» ASSIGNMENT
Below are records with pictures in them. Output exactly the lines from the one with "Building Photo - 11322 Hascroft Forest Ct" through the one with "Sumitomo 200 - Kāpurķēžu ekskavators: foto 2 Sumitomo", both included, and leave every picture out; give only those lines.

» DATA
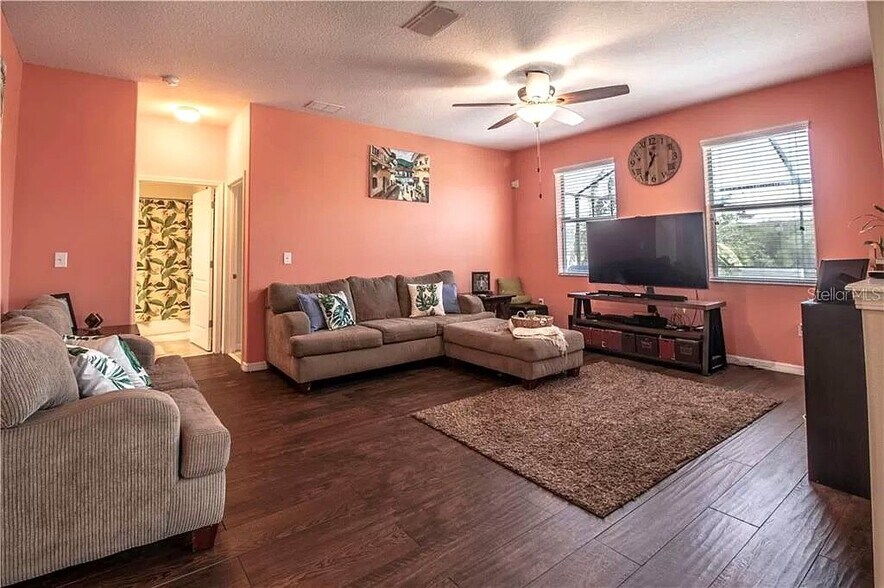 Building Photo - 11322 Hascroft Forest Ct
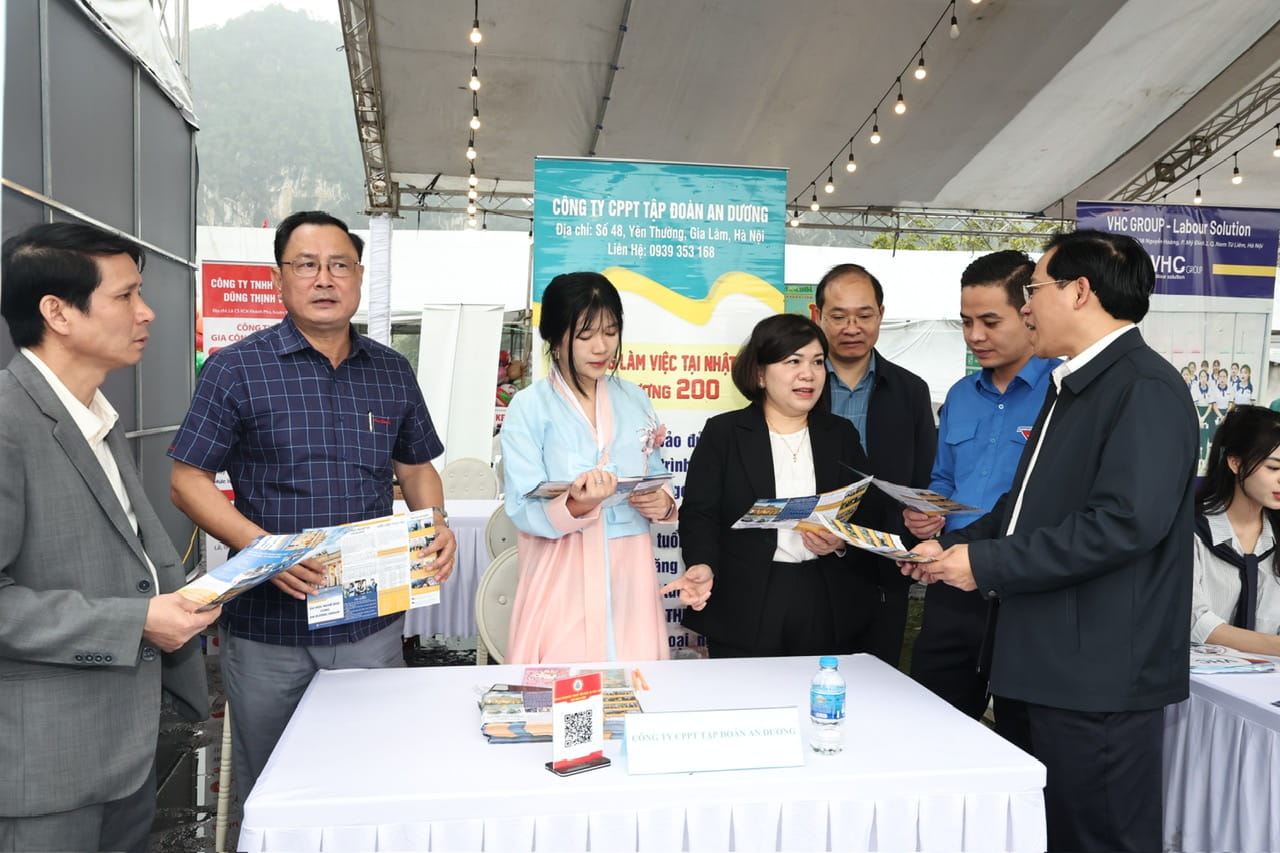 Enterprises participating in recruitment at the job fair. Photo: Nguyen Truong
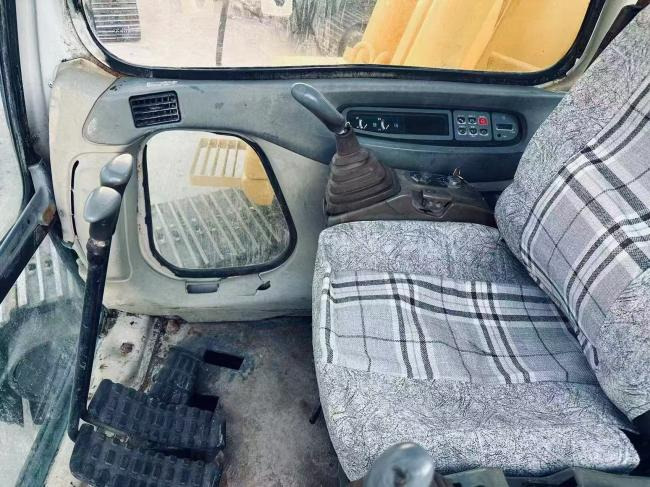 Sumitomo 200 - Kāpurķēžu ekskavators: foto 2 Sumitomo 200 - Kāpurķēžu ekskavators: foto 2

--

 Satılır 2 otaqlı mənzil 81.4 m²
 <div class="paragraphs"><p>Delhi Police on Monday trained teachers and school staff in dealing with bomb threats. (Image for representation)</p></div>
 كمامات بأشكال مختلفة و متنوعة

» TASK RESPONSE
 Building Photo - 11322 Hascroft Forest Ct
 Enterprises participating in recruitment at the job fair. Photo: Nguyen Truong
 Sumitomo 200 - Kāpurķēžu ekskavators: foto 2 Sumitomo 200 - Kāpurķēžu ekskavators: foto 2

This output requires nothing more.